→ WHAT YOU NEED TO DO: Instruction for the data below: set down exactly the lines from the line with "1930s Head-On Shot" to the line with "Luxury Chandelier Earrings, Gold", inclusive, and no others.

→ PROVIDED DATA:
Content starts
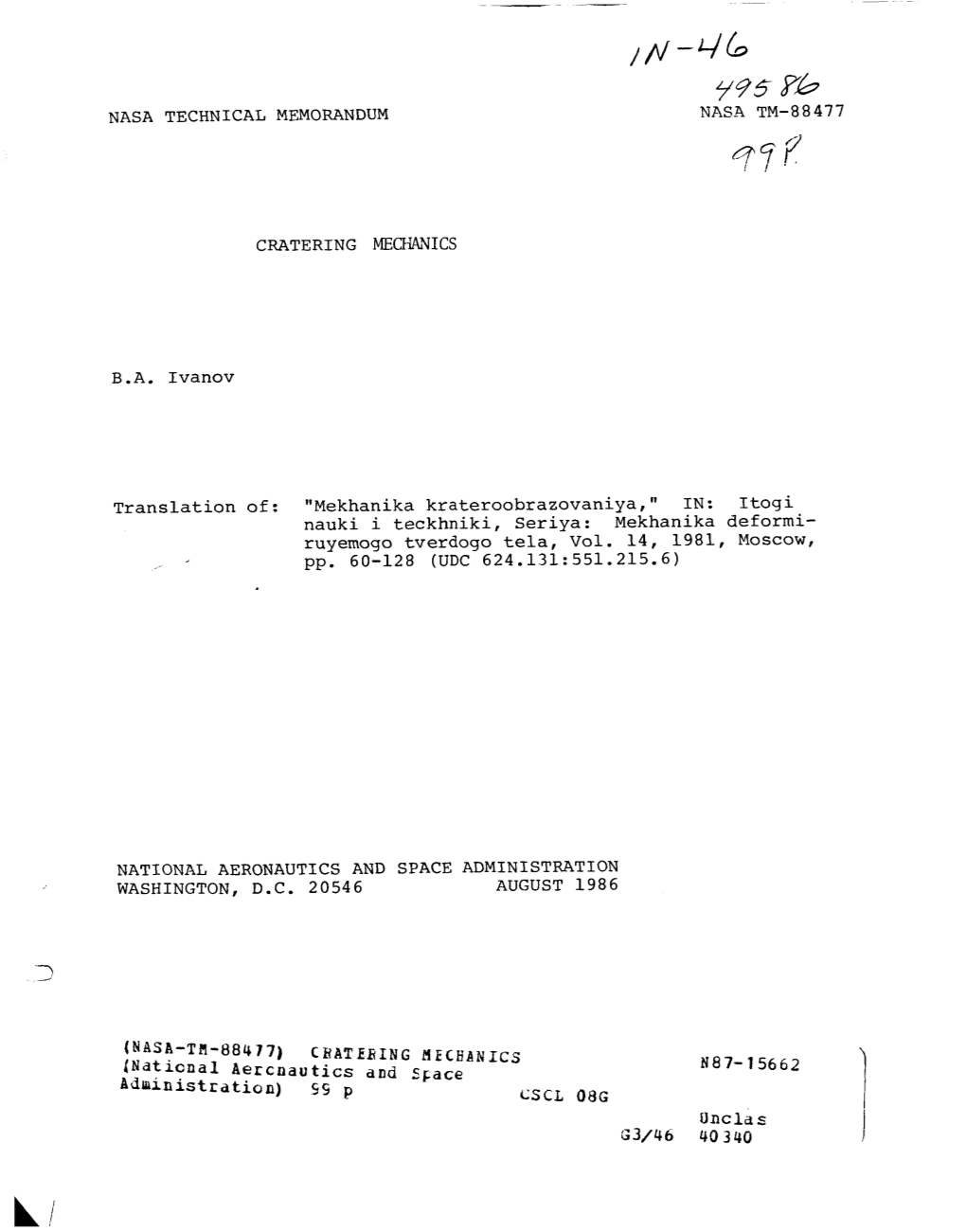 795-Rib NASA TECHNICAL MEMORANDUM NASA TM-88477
Content ends
Content starts
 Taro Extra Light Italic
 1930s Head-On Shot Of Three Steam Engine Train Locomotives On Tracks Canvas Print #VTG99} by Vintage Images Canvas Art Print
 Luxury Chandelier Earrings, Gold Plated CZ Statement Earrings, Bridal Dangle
Content ends
Content starts
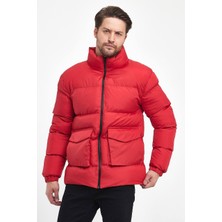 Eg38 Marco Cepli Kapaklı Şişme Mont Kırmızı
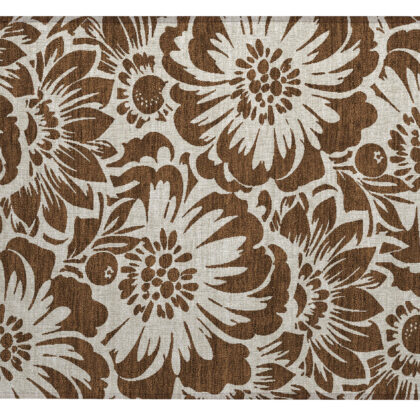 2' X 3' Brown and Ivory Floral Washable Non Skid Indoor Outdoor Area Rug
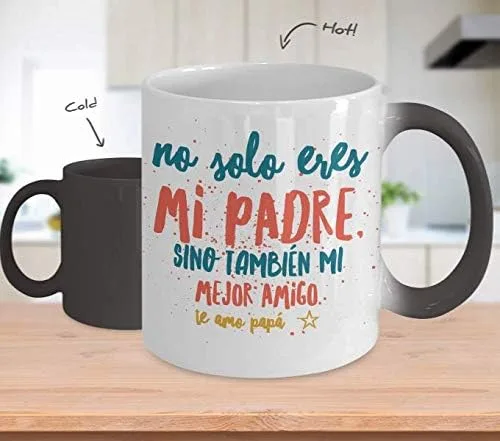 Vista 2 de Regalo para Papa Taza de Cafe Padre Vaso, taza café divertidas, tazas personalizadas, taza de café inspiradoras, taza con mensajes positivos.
Content ends
→ TASK OUTPUT:
 1930s Head-On Shot Of Three Steam Engine Train Locomotives On Tracks Canvas Print #VTG99} by Vintage Images Canvas Art Print
 Luxury Chandelier Earrings, Gold Plated CZ Statement Earrings, Bridal Dangle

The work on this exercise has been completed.